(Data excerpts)
****************

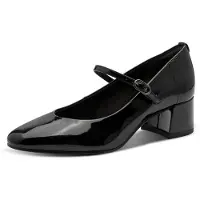 Tamaris Damen Pumps moderne Riemchenpumps Blockabsatz 1-22312-43, Größe:37 EU, Farbe:Schwarz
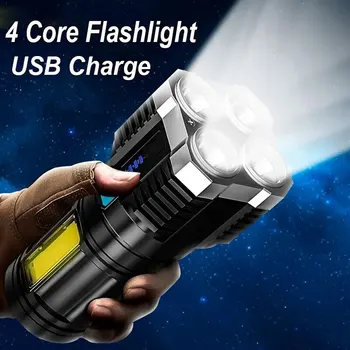 Мощни led светлини Походный фенер С 4 топки лампи и странична светлина COB Акумулаторна батерия за Преносим ръчен фенер с 4 режима на осветление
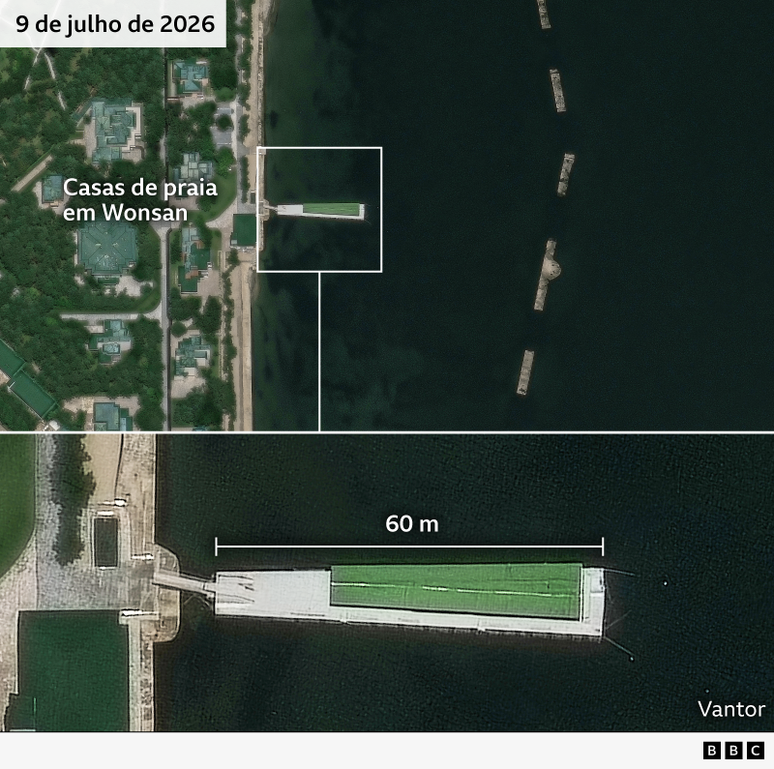 Imagem de sat&eacute;lite de 9 de julho de 2026, mostrando um navio de 60 metros de comprimento ancorado ao lado das casas de praia de Wonsan, com uma vista do navio em close embaixo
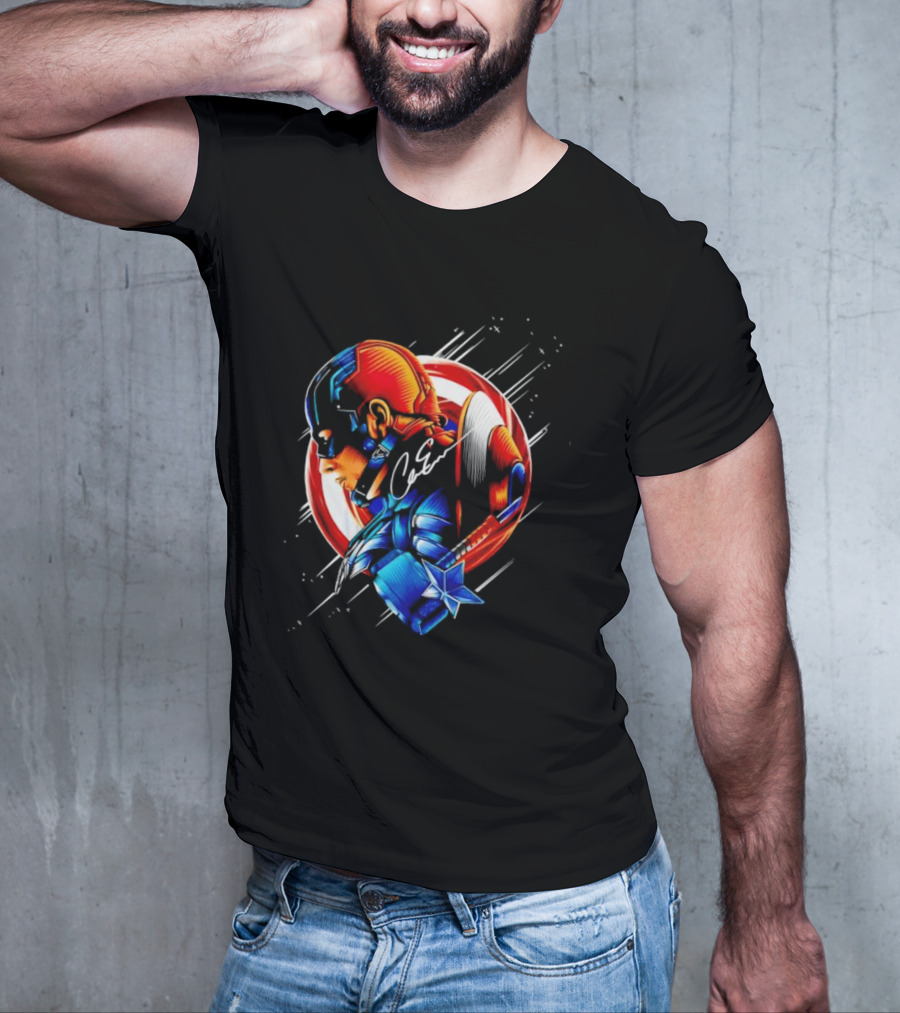 Captain America Profile With Shield Signature T-Shirt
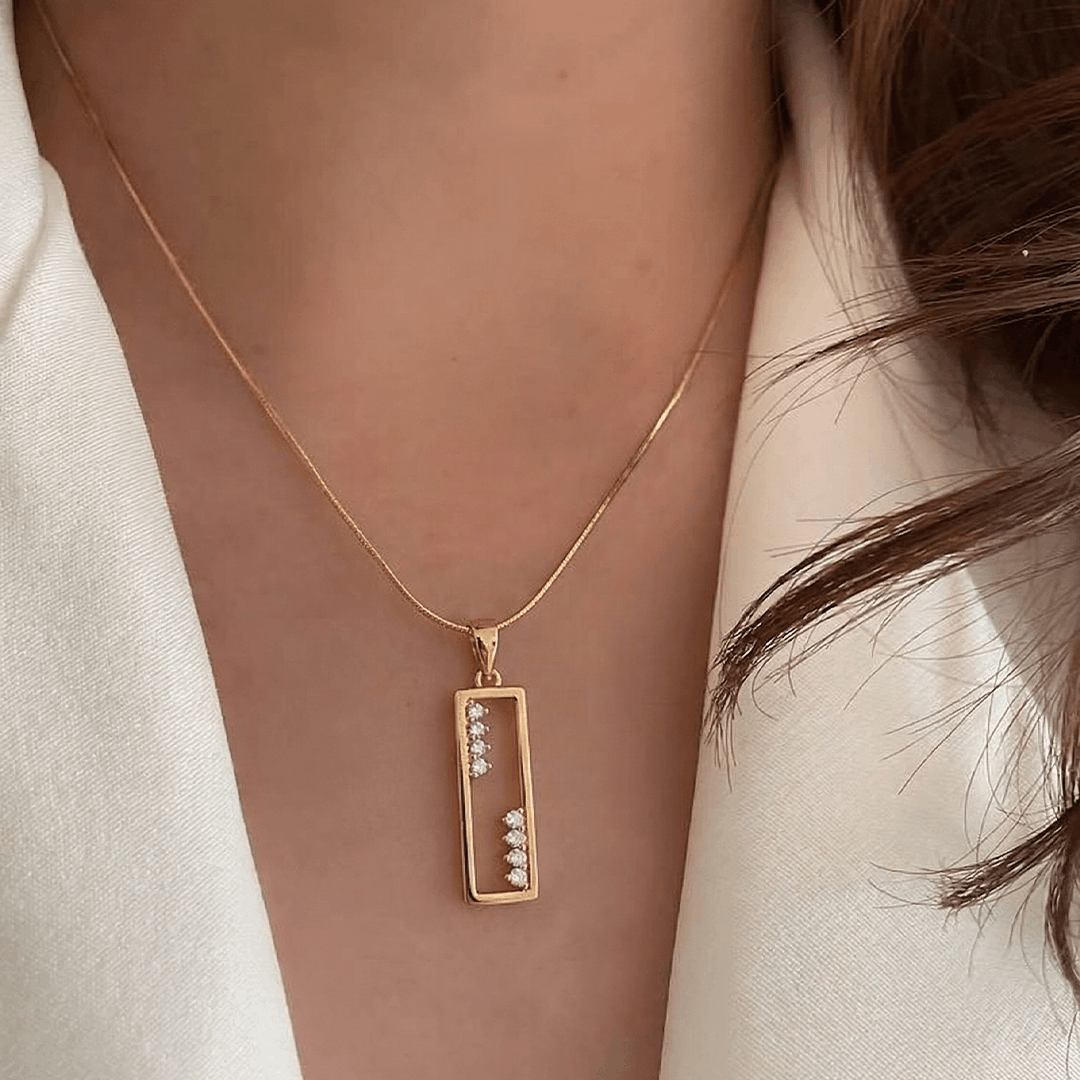 Linear Grace 18K Yellow Gold Floating Diamond Bar Pendant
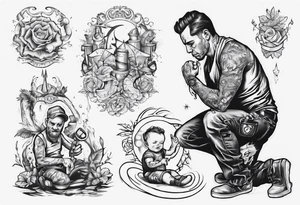 A man kneeling to help a toddler tattoo idea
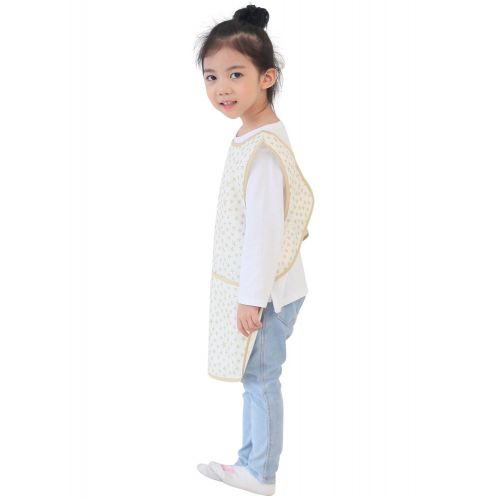  [아마존베스트]Plie Waterproof Kids Art Smocks 37 Colors (Age 1-8, S-XL Size), Begie Star (12-S)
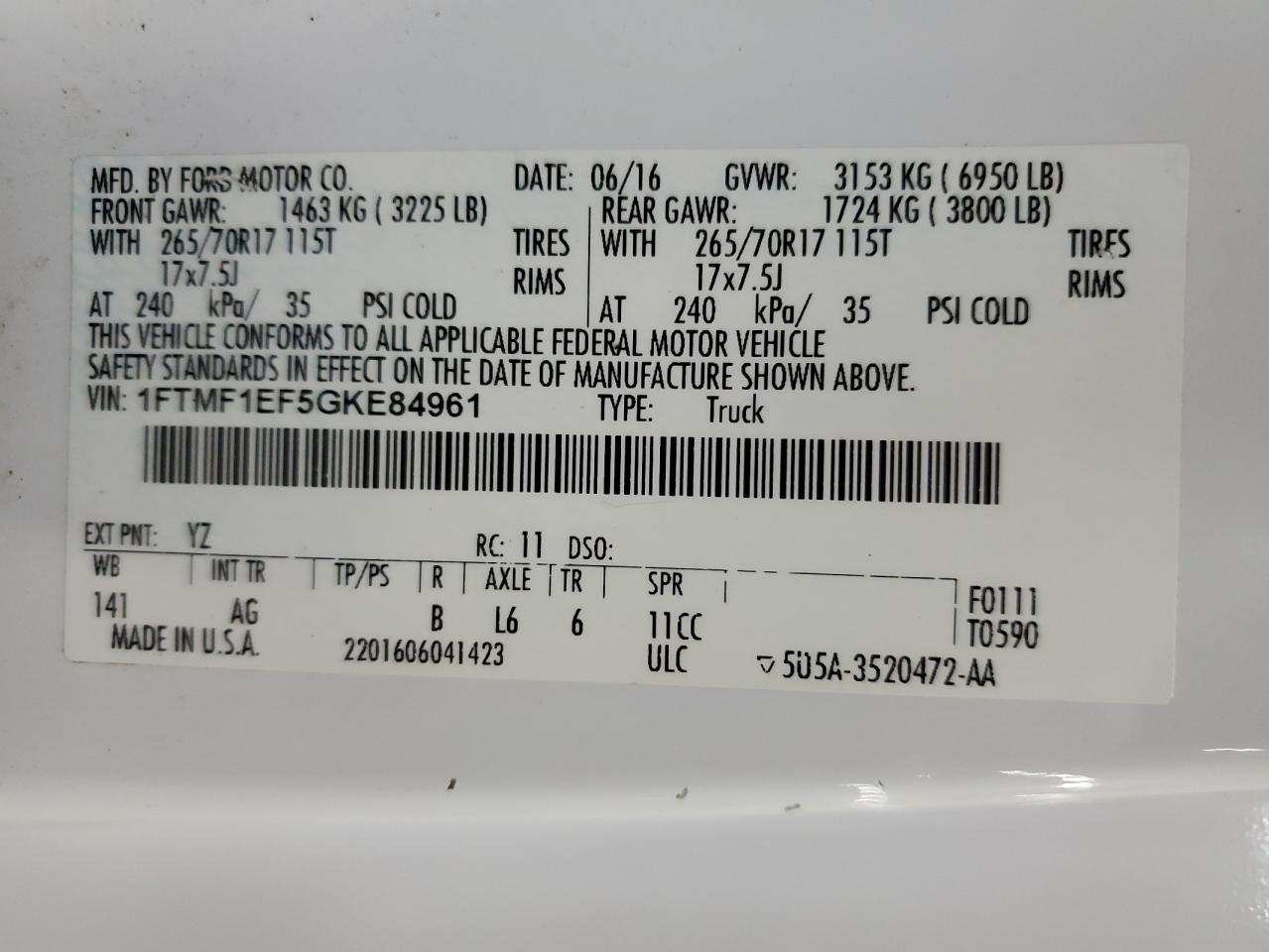 Lot #3284708997 2016 FORD F150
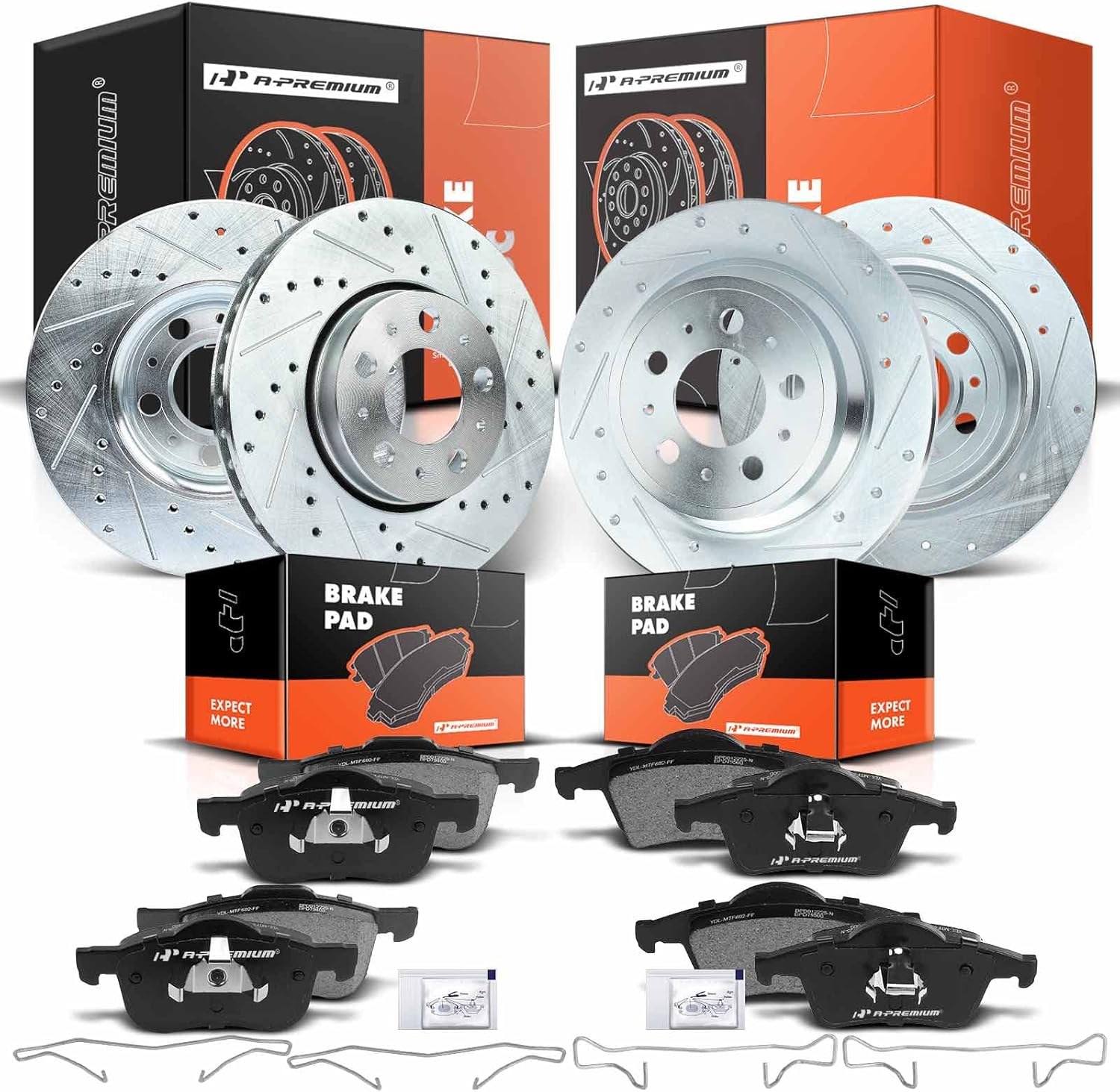 A-Premium Front and Rear Drilled and Slotted Disc Brake Rotors + Ceramic Pads Kit Compatible with Select Volvo Models - S60 2001-2009, S80 1999-2006, V70 2001-2007, XC70 2003-2007, 12-PC Set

****************

§ **WORK ORDER**: What is wanted is an exact copy of the lines from the line with "[아마존베스트]Plie Waterproof Kids" through the end of the records, both ends included, pictures excluded.

§ **COMPLETED EXERCISE**:
  [아마존베스트]Plie Waterproof Kids Art Smocks 37 Colors (Age 1-8, S-XL Size), Begie Star (12-S)
 Lot #3284708997 2016 FORD F150
 A-Premium Front and Rear Drilled and Slotted Disc Brake Rotors + Ceramic Pads Kit Compatible with Select Volvo Models - S60 2001-2009, S80 1999-2006, V70 2001-2007, XC70 2003-2007, 12-PC Set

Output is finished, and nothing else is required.